[Stored data entries]
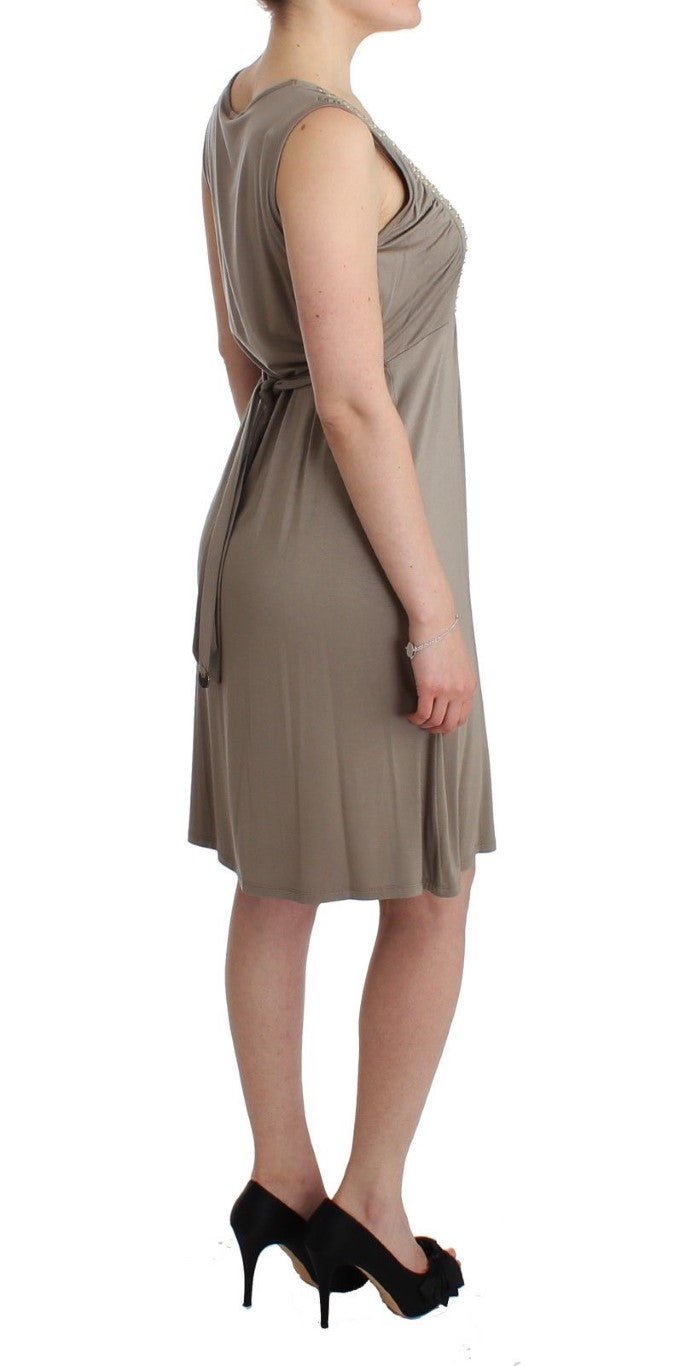 Roccobarocco Khaki studded sheath dress - Fizigo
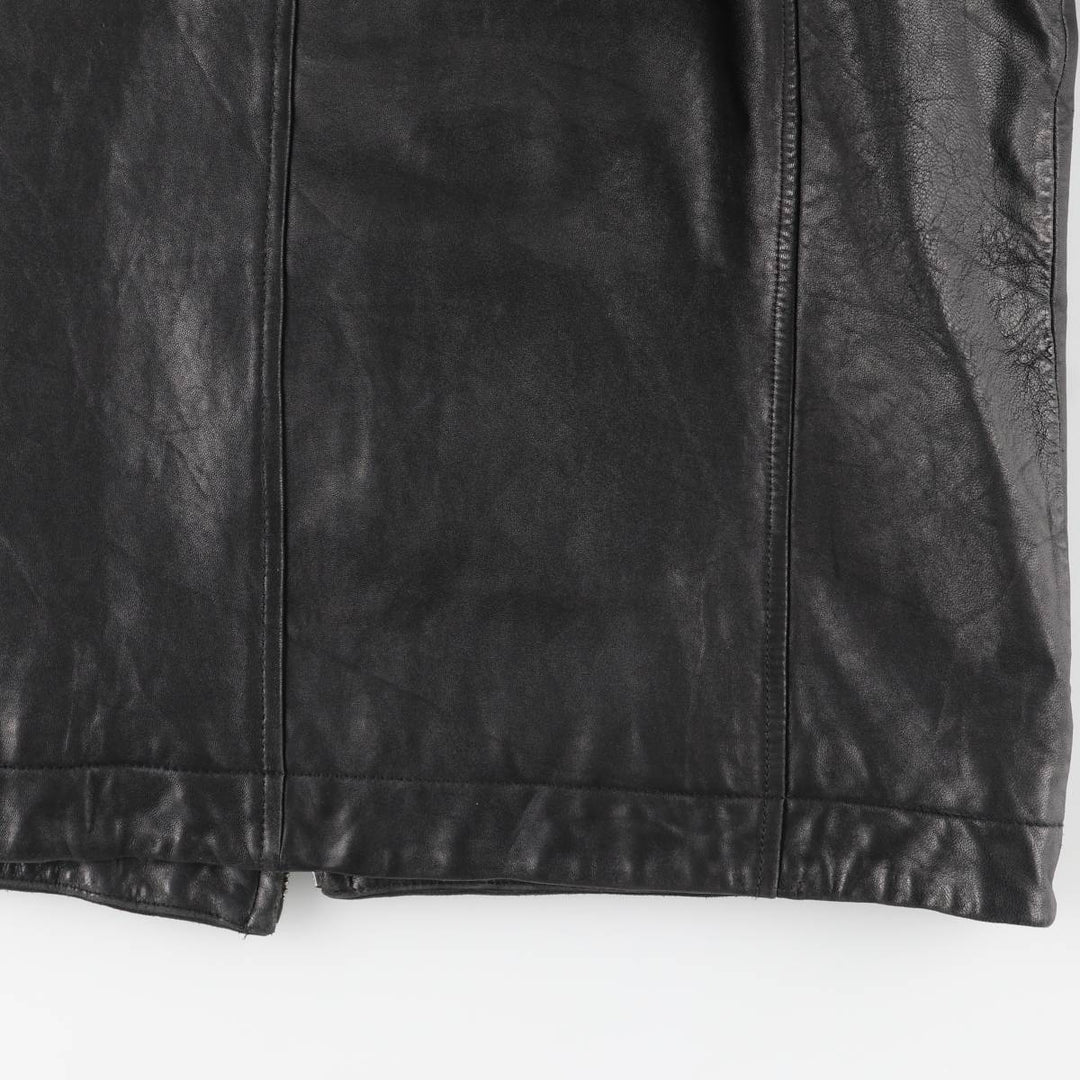 MONTEDORO Swing Top Type Padded Leather Blouson, Men's Size M (approx.) genuine leather black type Vintage Second Hand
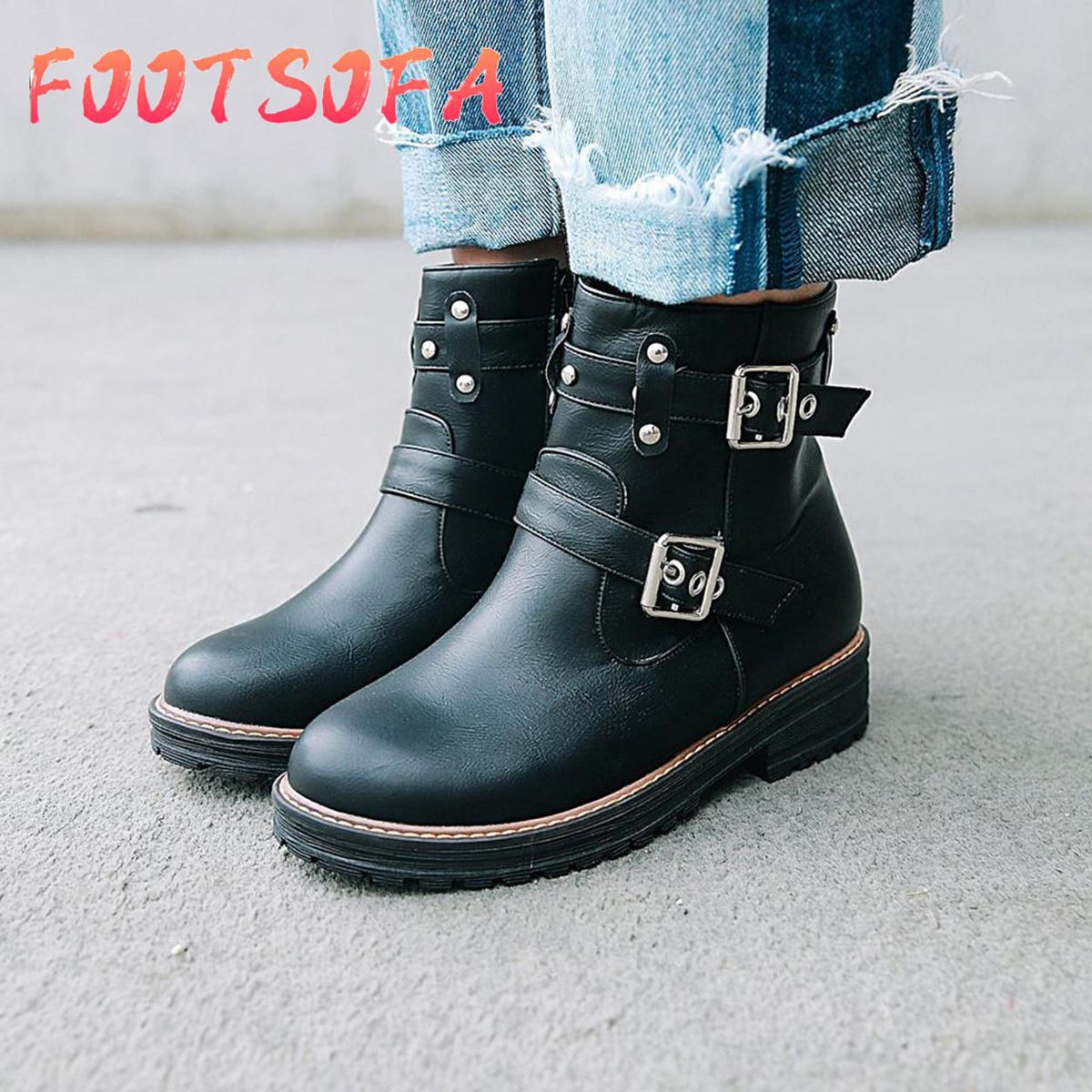 New arrivals korean fashion boots for women ladies Women's Leisure Buckle Flat Leather Shoes Solid Color Short Tube  Boots Women Foreign Version winter Booots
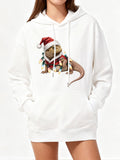 Women's Hoodie Festive Holiday Lizard With Santa Hat And Scarf Among Snowdrifts Lizard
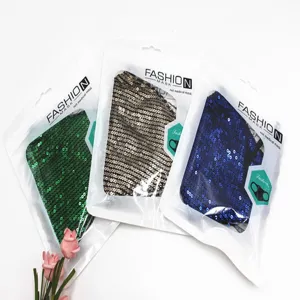 Packaged breathable sequined fashion masks available in green silver and blue colors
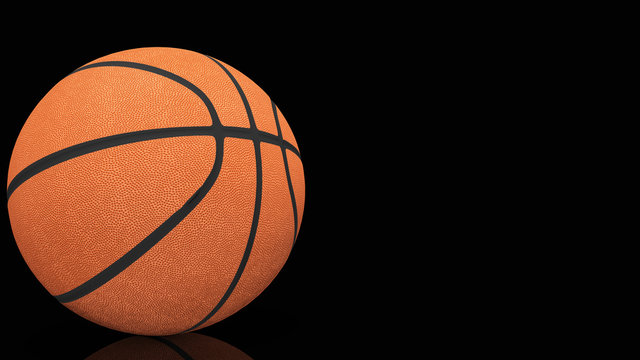 High quality render of 3D basket ball. It is isolated on black background. Clipping path is included...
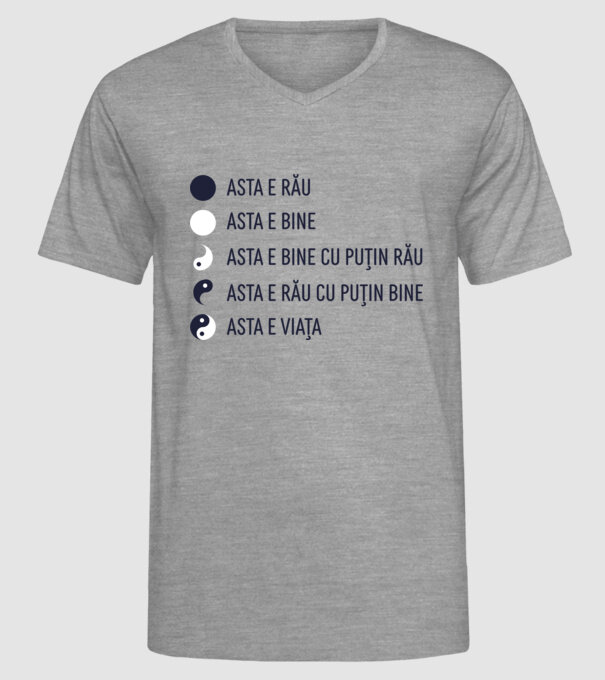 asta e rău, asta e bine, asta e bine cu puțin rău, asta e rău cu puțin bine, asta e viața model gri pe tricou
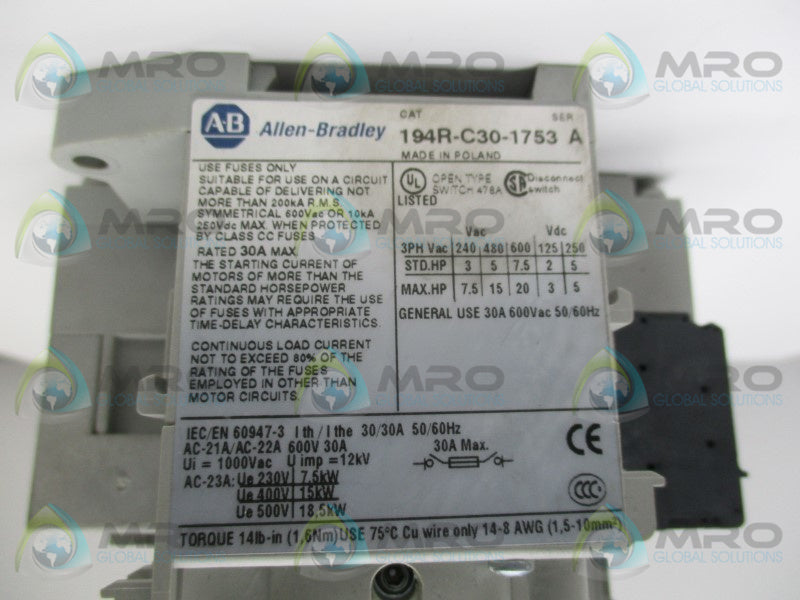 ALLEN BRADLEY 194R-C30-1753 SER. A DISCONNECT SWITCH * USED  *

_EXERCISE DIRECTIONS_.
In the records above, find the line containing "High quality render". Reproduce it and every line after it through the last line, omitting pictures.

_OUTPUT BELOW_.
 High quality render of 3D basket ball. It is isolated on black background. Clipping path is included...
 asta e rău, asta e bine, asta e bine cu puțin rău, asta e rău cu puțin bine, asta e viața model gri pe tricou
 ALLEN BRADLEY 194R-C30-1753 SER. A DISCONNECT SWITCH * USED  *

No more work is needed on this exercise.